RALEIGH — If President Obama’s State of the Union Address proved one thing, it’s that spending is out of control. Even more evident in his collectivist rhetoric was a clear misunderstanding of what it will take to fix our budgetary woes. The president called for a freeze on spending while advocating increased financial support of education, rail transportation, and research, among other special initiatives. He offered far more examples of how he would spend rather than how he would save.

So how does the administration intend to make sense of this spend-to-save policy? Simply re-interpreting costs and revenue changes their math, and it all starts with its views on taxation.

One of the most popular tools in the government arsenal to control human behavior is taxation. If the government wants less of something like cigarette smoking or gasoline consumption, it taxes it. A tax on cigarettes presumably leads to less smoking, and the government says that is good. But, when the government advocates a tax on income that will work like any other tax, and reduce the incentive to earn income, they say the “tax to deter” rule doesn’t apply.

Rather than viewing the December tax cut extensions as a benefit to American citizens, the government calls the extension of rates a “cost” to the federal government. This argument takes focus away from earners generating wealth in the private sector, because a “cost” to the federal government is really a gain to earners. Moreover, if the federal government wasn’t spending billions more than it “earned” in tax revenue each month, an extension of the current tax rates would never provoke discussion of the “cost” of existing tax policy.

The initial approach to the tax bill debate was the Obama administration’s masterful attempt to couch the issue as an extension of mistaken Bush-era policy. The debate became focused on revenue alone and how the government must fund its ballooning debt. And, the underlying assumption was that Bush-era economics led us astray from an optimal tax rate.

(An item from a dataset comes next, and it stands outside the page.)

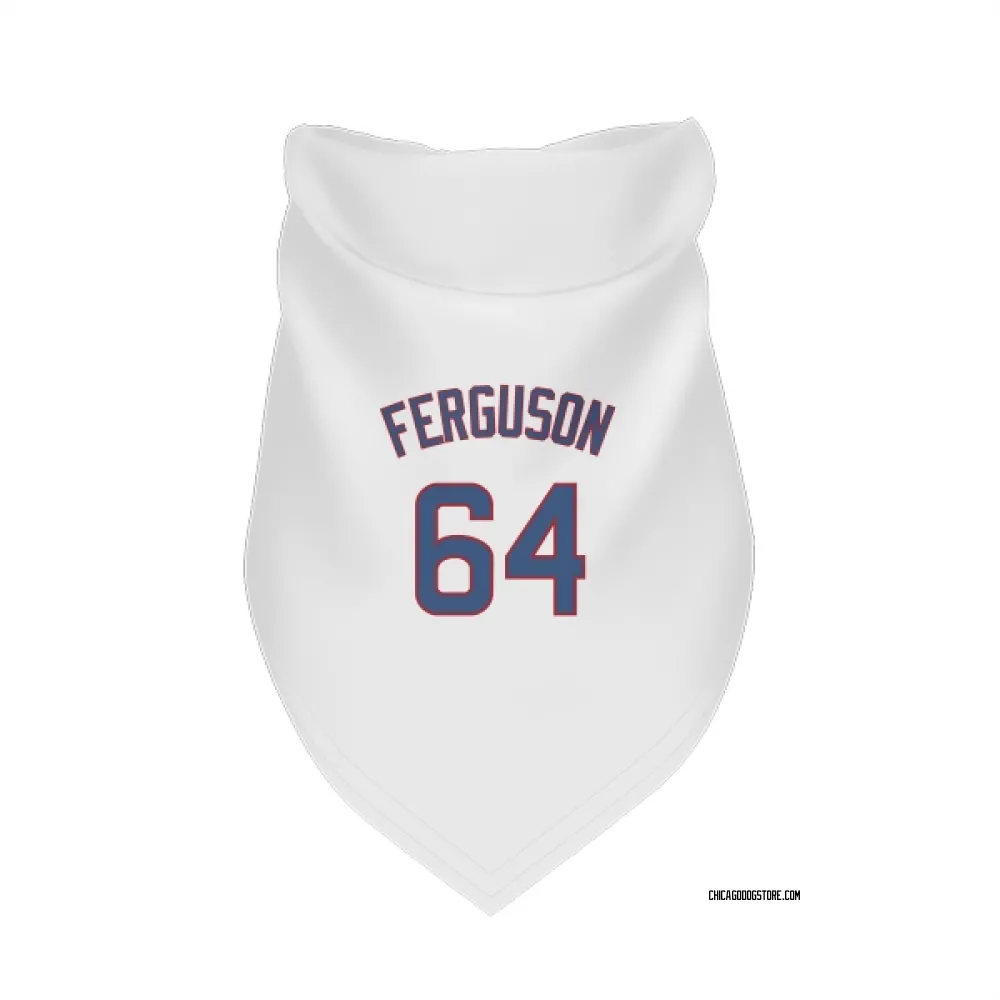 Chicago Cubs Tyler Ferguson White Pet Bandana for Dog & Cat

Is this really the case? Were the tax rates that existed under the Clinton administration perfect and we are now suffering after those golden years? Should the American people pick some optimal level of personal spending and then hope their income matches up?

All talk about optimal tax rates and the extension of Bush tax cuts focuses the discussion solely on government revenue. Where is the debate over government spending as it relates to taxation? Rep. Paul Ryan, R-Wisc., briefly touched on the issue in the Republican response to the State of the Union by acknowledging the government’s tendency to control and tax too much.

Sadly, the president publicly came to the conclusion that the current tax rates were OK to keep because they were for the good of the country (and the good of his re-election). The reality is that the president believes that keeping taxes at the current rates will “cost” billions over the next few years. A tax rate has never cost the government a dime (apart from collection costs).

The recent tax bill marks the beginning of what is certain to be an ongoing debate as Congress moves through this session. Now that the current tax rates have been extended, House Speaker John Boehner and his colleagues should change the focus away from what rates will “cost” toward how federal spending can get in line with revenue.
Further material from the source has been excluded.